Task details. Working through the data below, reproduce word for word the line with "Предварительный просмотр 84" and every line after it, both ends included, and omit the pictures.
(Records begins)
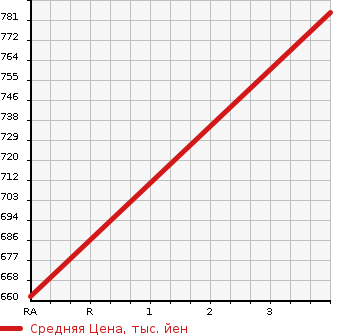 Аукционная статистика: График изменения цены ISUZU ELF 1994 NPR66GR в зависимости от аукционных оценок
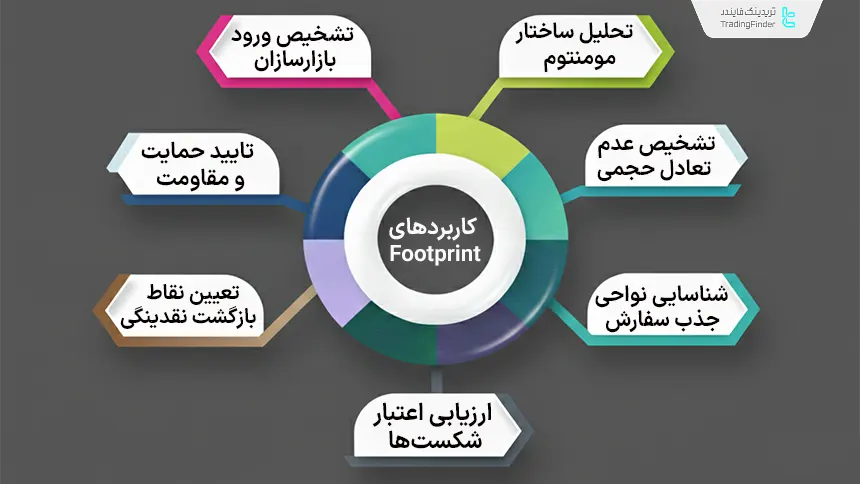 کاربرد اندیکاتور اردر فلو فوت پرینت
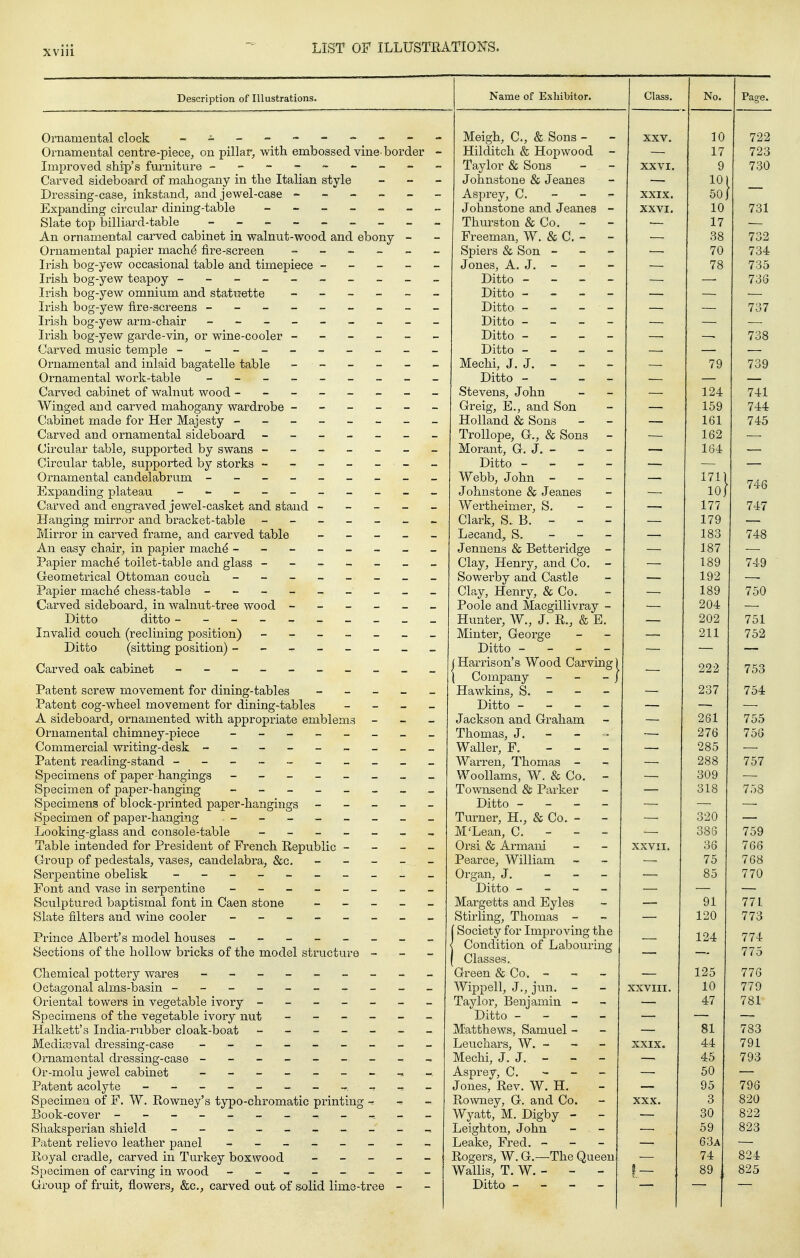 Description of Illustrations. Ornamental clock Ornamental centre-piece^ on pillar, with embossed vine border Improved ship's furniture -------- Carved sideboard of mahogany in the Italian style Dressing-case, inkstand, and jewel-case - - - - - Expanding circular dining-table ______ Slate top billiard-table - An ornamental carved cabinet in walnut-wood and ebony - Ornamental papier mach^ fire-screen _____ Irish bog-yew occasional table and timepiece - _ _ _ Irish bog-yew teapoy --------- Irish bog-yew omnium and statuette - _ _ _ _ Irish bog-yew flre-acreens -------- Irish bog-yew arm-chair - -- -- -- - Irish bog-yew garde-vin, or wine-cooler - - - _ - Carved music temple --------- Ornamental and inlaid bagatelle table - - _ _ _ Ornamental work-table ________ Carved cabinet of walnut wood _______ Winged and carved mahogany wardrobe _____ Cabinet made for Her Majesty _______ Carved and ornamental sideboard ______ Circular table, supported by swans ---_-_ Circular table, supported by storks ------ Or-namental candelabrum - -- -- -- - Expanding plateau _________ Carved and engraved jewel-casket and stand - - - - Hanging mirror and bracket-table ------ Mirror in carved frame, and carved table _ _ _ _ An easy chair, in papier machd _______ Papier mache toilet-table and glass ------ Geometrical Ottoman couch ------- Papier mache chess-table - -- -- -- - Carved sideboard, in walnut-tree wood _ - _ _ _ Ditto ditto --------- Invalid couch (reclining position) ______ Ditto (sitting position) _______ Carved oak cabinet - ___-_ ___ Patent screw movement for dining-tables _ _ _ _ Patent cog-wheel movement for dining-tables _ _ _ A sideboard, ornamented with appropriate emblems Ornamental chimney-piece ------- Commercial writing-desk - -- -- -- - Patent reading-stand ---- ----- Specimens of paper hangings _--____ Specimen of paper-hanging ------- Specimens of block-printed paper-hangings _ _ _ _ Specimen of paper-hanging _______ Looking-glass and console-table ______ Table intended for President of French Republic _ _ - Group of pedestals, vases, candelabra, &c. Serpentine obelisk - -- -- -- -- Font and vase in serpentine ------- Sculptured baptismal font in Caen stone _ _ _ _ Slate filters and wine cooler ------- Prince Albert's model houses _______ Sections of the hollow bricks of the model structure - Chemical pottery wares - -- -- -- - Octagonal alms-basin --___-___ Oriental towers in vegetable ivory ______ Specimens of the vegetable ivory nut - - - - - Halkett's India-rubber cloak-boat ------ Medi83val dressing-case - -- -- -- - Ornamental dressing-case ________ Or-molu jcM'^el cabinet _______^ Patent acolyte - ______ _ ^_, Specimen of F. W. Rowney's typo-chromatic printing Book-cover - Shaksperian shield _-_______, Patent relievo leather panel ________ Royal cradle, carved in Turkey boxwood _ _ _ _ . Specimen of carving in wood ________ Group of fruit, flowers, &c., carved out af stolid lime-tree - Name of Exhibitor. Meigh, C, & Sons - - Hilditch & Hopwood - Taylor & Sons Johnstone & Jeanes Asprey, C. Johnstone and Jeanes - Thm^ston & Co. - - Freeman, W. & C. - - Spiers & Son - - _ Jones, A. J. - Ditto - Ditto _ - - - Ditto - Ditto - Ditto - Ditto - Mechi, J. J. - - - Ditto - _ - _ Stevens, John Greig, E., and Son Holland & Sons Trollope, G., & Sons - Morant, G. J. - Ditto _ - - _ Webb, John - Johnstone & Jeanes Wertheimer, S. Clark, S.. B. - - - Lecand, S. - - - Jennens & Betteridge - Clay, Henry, and Co. Sowerby and Castle Clay, Henry, &_Co. Poole and Macgillivray - Hunter, W., J. R., & E. Minter, George Ditto _ _ - _ jHarrison's Wood Carving! \ Company - - - J Hawkins, S. - Ditto _ - - _ Jackson and Graham Thomas, J. Waller, F. - - - Warren, Thomas - Woollams, W. & Co. - Townsend & Parker Ditto - Turner, H., & Co. - - McLean, C. Orsi & Armani Pearce, William Organ, J. _ _ _ Ditto _ - - _ Margetts and Eyles Stirling, Thomas - I Society for Improving the Condition of Labouring [ Classes, Green & Co. - Wippell, J., jun. - Taylor, Benjamin - Ditto _ _ - - Matthews, Samuel - Leuchars, W. - _ _ Mechi, J. J. - Asprey, C. - - - Jones, Rev, W. H. Ro\vney, G, and Co. Wyatt, M. Digby - - Leighton, John Leake, Fred. - _ _ Rogers, W. G.—The Queen Wallis, T. W. - - - Ditto _ - - - XXV. XXIX. XXVI. 91 120 124 125 10 47 81 44 45 50 95 3 30 59 63 a 74 I — 771. 773 774 775 776 779 781 783 791 793 796 820 822 823 824 825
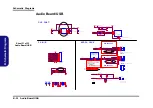 Предварительный просмотр 84 страницы Clevo W251BLQ Service Manual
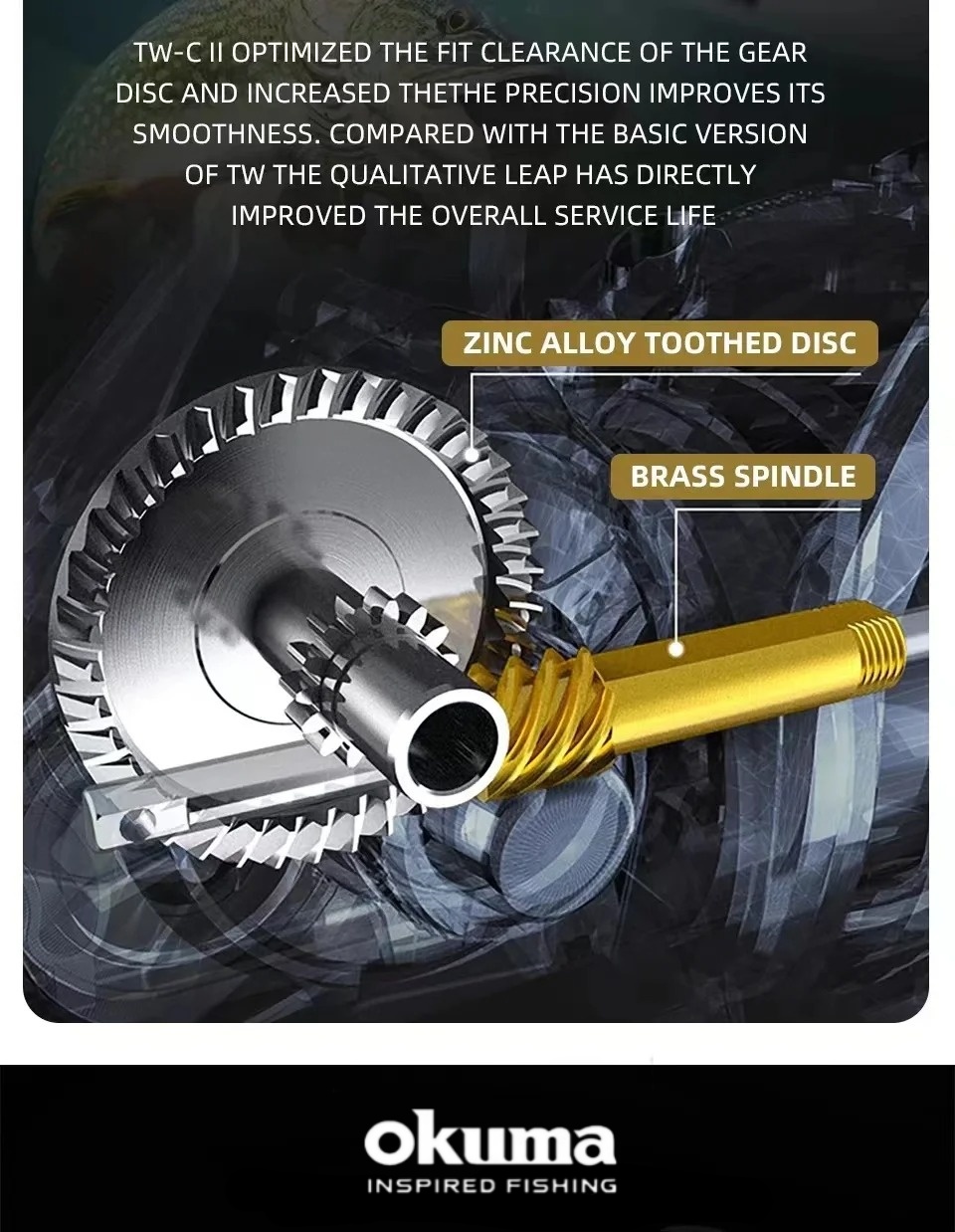 Nova Carretilha de Pesca Okuma - Kastking Reel Zephyr avaliação e preço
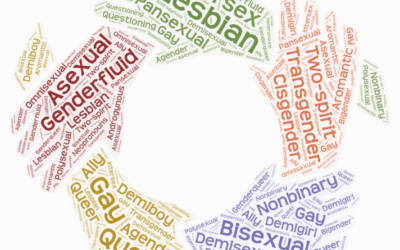 Mental Health Outcomes in Transgender and Nonbinary Youths Receiving Gender-Affirming Care: Journal Review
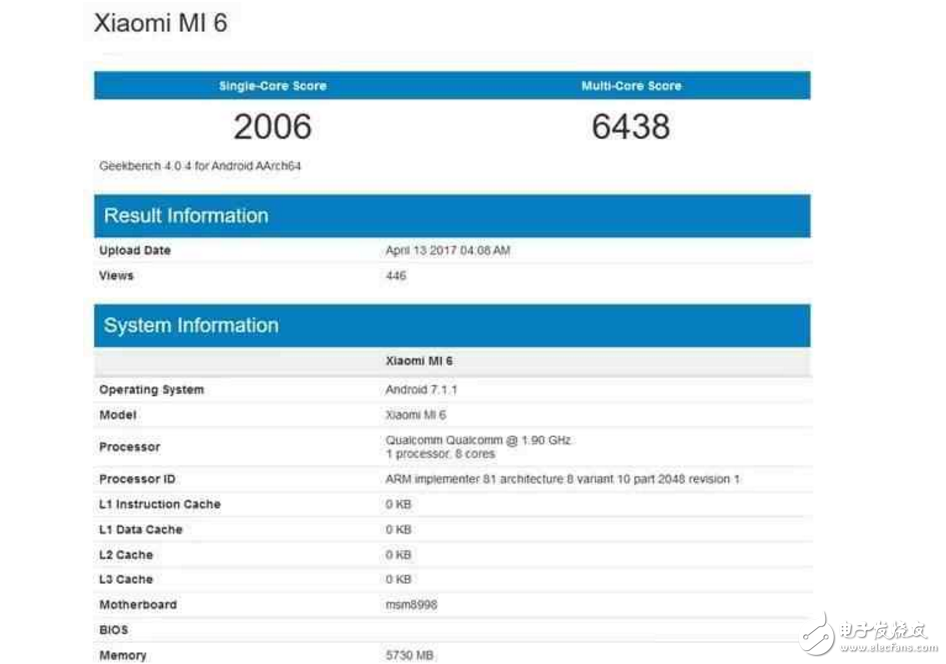 小米6最新消息：明天發(fā)布，真機(jī)曝光，四曲面玻璃機(jī)身+平行雙攝！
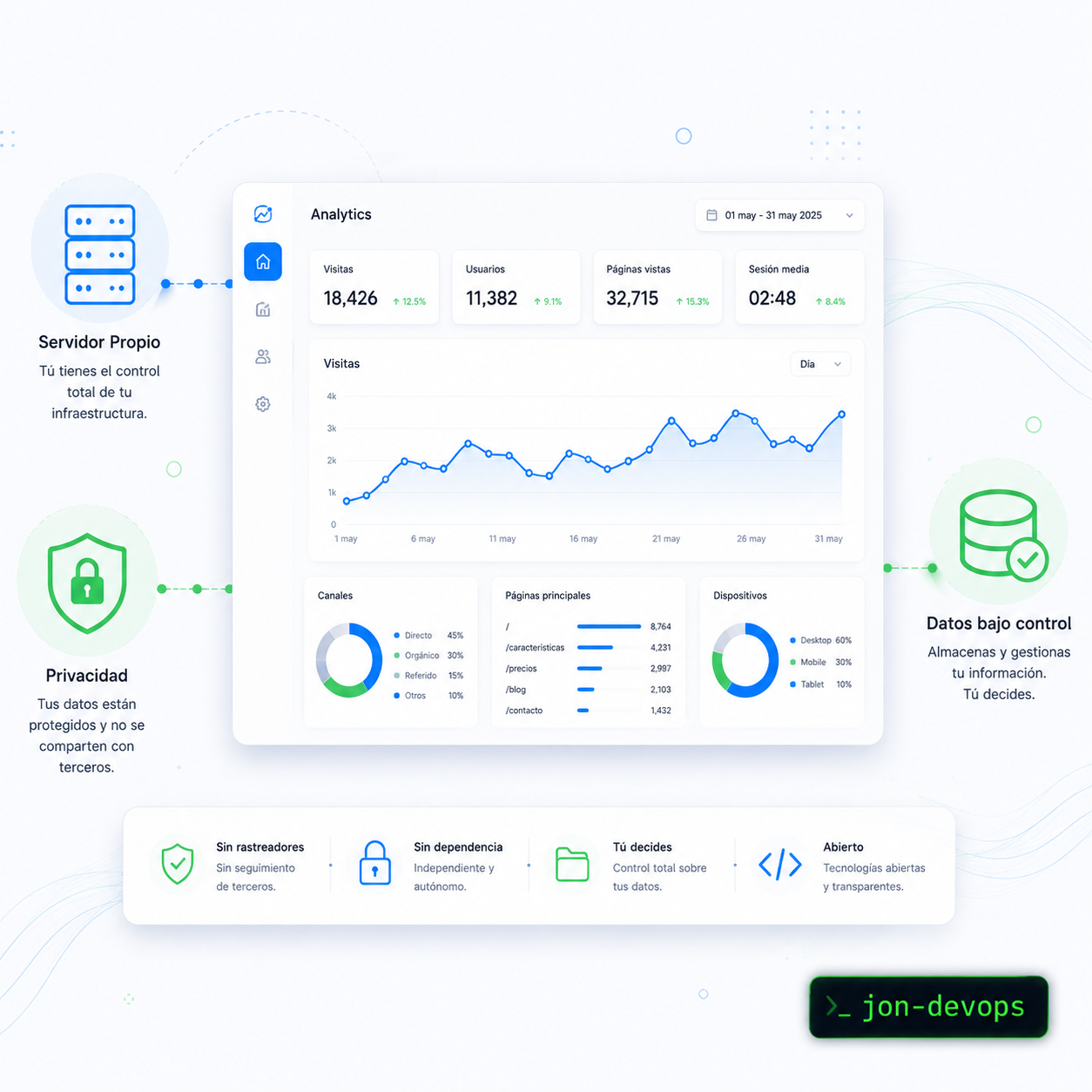 Analytics without giving your data to Google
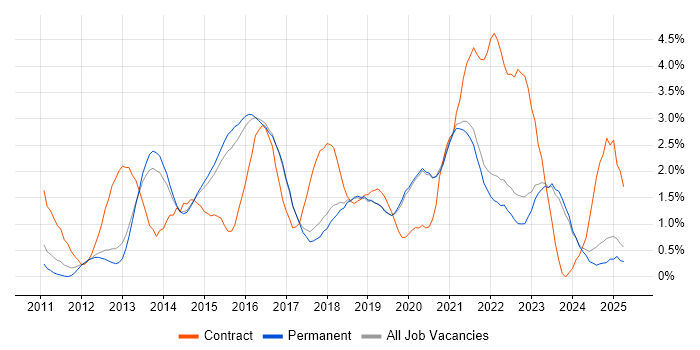 Job vacancy trend for User Stories in Brighton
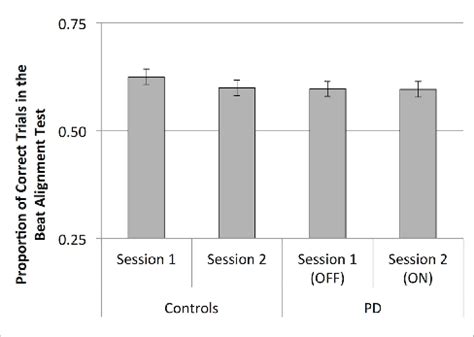 Mean Scores Proportion Of Correct Trials For The Beat Alignment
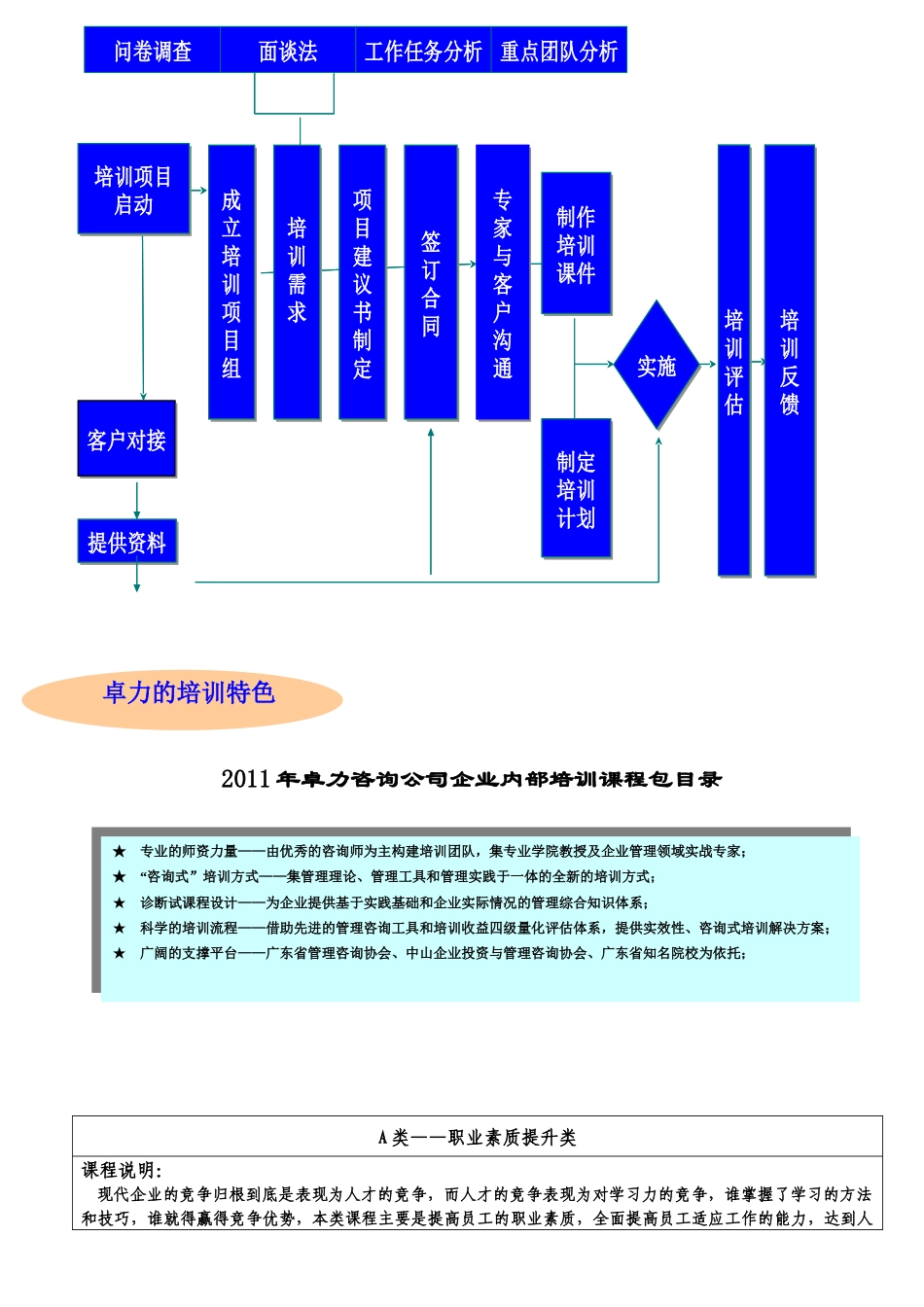 卓力XXXX年企业内训课程包_第3页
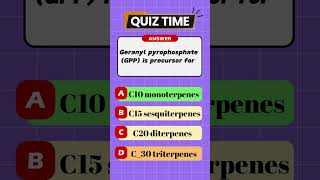 GPAT NIPER  Important MCQs  pharmacist exam preparation pharmacist railway shorts [upl. by Mehsah]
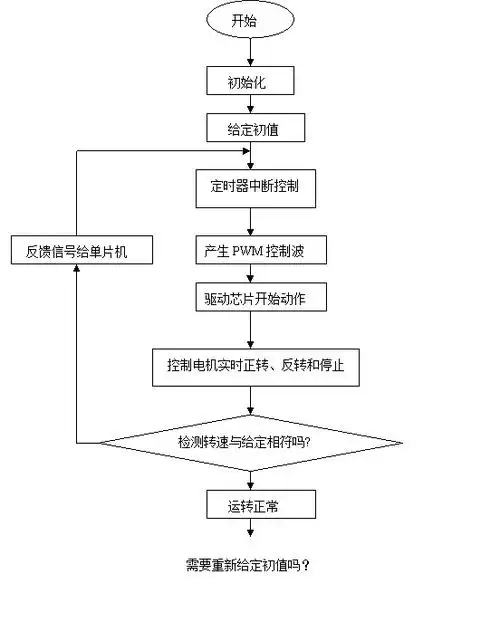 51单片机控制的双闭环直流pwm调速系统设计文档资料 主控程序流程图如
(Records ends)
Output of the task.
 Предварительный просмотр 84 страницы Clevo W251BLQ Service Manual
 Nova Carretilha de Pesca Okuma - Kastking Reel Zephyr avaliação e preço
 Mental Health Outcomes in Transgender and Nonbinary Youths Receiving Gender-Affirming Care: Journal Review
 小米6最新消息：明天發(fā)布，真機(jī)曝光，四曲面玻璃機(jī)身+平行雙攝！
 Analytics without giving your data to Google
 Job vacancy trend for User Stories in Brighton
 Mean Scores Proportion Of Correct Trials For The Beat Alignment
 卓力XXXX年企业内训课程包_第3页
 GPAT NIPER  Important MCQs  pharmacist exam preparation pharmacist railway shorts [upl. by Mehsah]
 51单片机控制的双闭环直流pwm调速系统设计文档资料 主控程序流程图如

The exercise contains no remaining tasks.